Same-arity overload disambiguation: When two overloads share the same parameter count but differ in types (e.g. save(int) vs save(String)), a type-hash suffix ~type1,type2 is appended to produce distinct node IDs: Method:file:Class.save#1~int vs Method:file:Class.save#1~String. The suffix is only added when a same-arity collision is detected within a class and all parameters have non-null type annotations. Languages without type info (Python, Ruby, JS) fall back to arity-only IDs. TypeScript/JavaScript overload signatures are intentionally excluded from type-hashing because they are declaration-only contracts that should collapse to the implementation body's node ID. See issue #651.

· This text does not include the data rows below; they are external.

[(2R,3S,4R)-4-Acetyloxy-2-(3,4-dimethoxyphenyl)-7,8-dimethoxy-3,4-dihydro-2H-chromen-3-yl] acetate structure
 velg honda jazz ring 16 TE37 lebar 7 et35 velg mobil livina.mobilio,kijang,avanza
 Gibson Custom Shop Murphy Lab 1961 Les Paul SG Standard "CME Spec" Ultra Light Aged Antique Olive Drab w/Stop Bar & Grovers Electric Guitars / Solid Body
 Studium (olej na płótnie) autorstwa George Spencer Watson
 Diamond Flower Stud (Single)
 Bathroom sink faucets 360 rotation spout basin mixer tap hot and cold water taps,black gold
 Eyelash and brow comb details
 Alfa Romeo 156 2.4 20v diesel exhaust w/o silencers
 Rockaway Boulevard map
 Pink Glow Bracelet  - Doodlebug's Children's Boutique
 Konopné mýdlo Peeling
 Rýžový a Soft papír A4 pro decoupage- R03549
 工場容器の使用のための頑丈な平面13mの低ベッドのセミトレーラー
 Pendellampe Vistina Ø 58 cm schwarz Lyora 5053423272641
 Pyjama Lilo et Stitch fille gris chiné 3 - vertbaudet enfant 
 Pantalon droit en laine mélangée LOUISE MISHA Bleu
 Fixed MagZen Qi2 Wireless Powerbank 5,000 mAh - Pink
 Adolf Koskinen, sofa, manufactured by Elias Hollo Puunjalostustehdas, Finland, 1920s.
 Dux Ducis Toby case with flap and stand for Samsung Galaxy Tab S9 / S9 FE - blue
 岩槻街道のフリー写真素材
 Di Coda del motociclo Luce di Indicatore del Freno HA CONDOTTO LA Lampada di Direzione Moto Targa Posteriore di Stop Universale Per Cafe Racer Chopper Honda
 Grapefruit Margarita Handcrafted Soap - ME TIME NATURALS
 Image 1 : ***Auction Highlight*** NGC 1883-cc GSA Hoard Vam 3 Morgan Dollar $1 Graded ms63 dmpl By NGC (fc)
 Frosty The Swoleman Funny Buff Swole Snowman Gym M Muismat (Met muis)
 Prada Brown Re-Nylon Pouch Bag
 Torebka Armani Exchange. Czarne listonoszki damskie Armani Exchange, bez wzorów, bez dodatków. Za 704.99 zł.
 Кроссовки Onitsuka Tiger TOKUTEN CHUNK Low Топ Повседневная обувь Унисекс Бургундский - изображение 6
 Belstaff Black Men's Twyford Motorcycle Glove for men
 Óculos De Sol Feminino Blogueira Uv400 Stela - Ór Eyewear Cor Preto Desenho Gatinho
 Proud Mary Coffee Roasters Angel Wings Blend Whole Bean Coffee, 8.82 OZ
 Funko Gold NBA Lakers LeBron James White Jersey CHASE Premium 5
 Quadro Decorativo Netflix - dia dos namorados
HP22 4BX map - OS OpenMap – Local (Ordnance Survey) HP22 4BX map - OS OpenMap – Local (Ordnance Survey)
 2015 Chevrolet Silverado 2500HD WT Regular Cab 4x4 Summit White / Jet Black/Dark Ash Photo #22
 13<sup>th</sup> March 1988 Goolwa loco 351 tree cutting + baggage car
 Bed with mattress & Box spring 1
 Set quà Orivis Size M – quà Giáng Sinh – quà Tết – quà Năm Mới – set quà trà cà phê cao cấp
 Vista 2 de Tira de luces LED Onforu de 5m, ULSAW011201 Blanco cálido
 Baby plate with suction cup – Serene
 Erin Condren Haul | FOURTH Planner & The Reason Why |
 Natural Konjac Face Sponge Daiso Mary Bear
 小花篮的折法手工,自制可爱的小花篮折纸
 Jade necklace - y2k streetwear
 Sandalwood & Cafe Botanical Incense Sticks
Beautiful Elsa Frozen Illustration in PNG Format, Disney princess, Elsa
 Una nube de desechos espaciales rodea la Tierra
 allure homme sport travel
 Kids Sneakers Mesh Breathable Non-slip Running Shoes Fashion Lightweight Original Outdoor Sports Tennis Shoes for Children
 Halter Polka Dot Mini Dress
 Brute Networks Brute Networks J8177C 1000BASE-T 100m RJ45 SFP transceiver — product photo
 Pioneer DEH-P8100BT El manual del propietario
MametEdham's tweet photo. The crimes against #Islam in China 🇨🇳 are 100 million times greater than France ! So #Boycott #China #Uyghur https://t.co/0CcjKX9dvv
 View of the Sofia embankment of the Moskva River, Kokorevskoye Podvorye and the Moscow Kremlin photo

C++ const-qualified overload disambiguation: Methods overloaded by const qualification (e.g. begin() vs begin() const) are disambiguated via an isConst property and a $const ID suffix appended to the const-qualified variant when a non-const collision exists. The $const suffix appears after the type-hash suffix: e.g. Method:file:Container.begin#0$const.

Generic/template type preservation in type-hash: The type-hash suffix uses rawType (full AST text including generic/template args) rather than the simplified type from extractSimpleTypeName. This means C++ template overloads like process(vector<int>) vs process(vector<string>) produce distinct IDs: ~vector<int> vs ~vector<std::string>. Java generic overloads like process(List<String>) vs process(List<Integer>) are a compile error due to type erasure, so this gap is theoretical for Java.

ID stability on first overload: Type and const tags are collision-only. When a class has save(int) as its only save method, the ID is save#1 (no tag). Adding save(String) changes the original to save#1~int. This is correct for fresh analysis but means IDs are not stable across overload additions. Future incremental re-analysis should account for this.

Variadic method matching: When one side is variadic (parameterCount undefined) and the other has a fixed count, METHOD_IMPLEMENTS edges are emitted with confidence 0.7 instead of 1.0. Variadic methods like foo(String... args) may superficially match foo(String s) by type but are not guaranteed to be interchangeable across all languages (Java/Kotlin accept this via varargs sugar; TypeScript, C#, Rust do not).

Confidence tiering for METHOD_IMPLEMENTS edges:

Match quality Confidence When
Exact parameter types match 1.0 Both sides have parameterTypes arrays and they match
Arity (count) matches 1.0 Both sides have parameterCount, types unavailable
Variadic vs fixed 0.7 One side is variadic, other has fixed count
Lenient (insufficient info) 0.7 One or both sides lack type and count data

Related docs

  • MIGRATION.md — breaking changes and migration guidance.
  • RUNBOOK.md — operational commands and recovery.
  • GUARDRAILS.md — safety boundaries for humans and agents.
  • TESTING.md — how to run tests.
  • AGENTS.md / CLAUDE.md — agent workflows and tool usage expectations for this repo when indexed by GitNexus.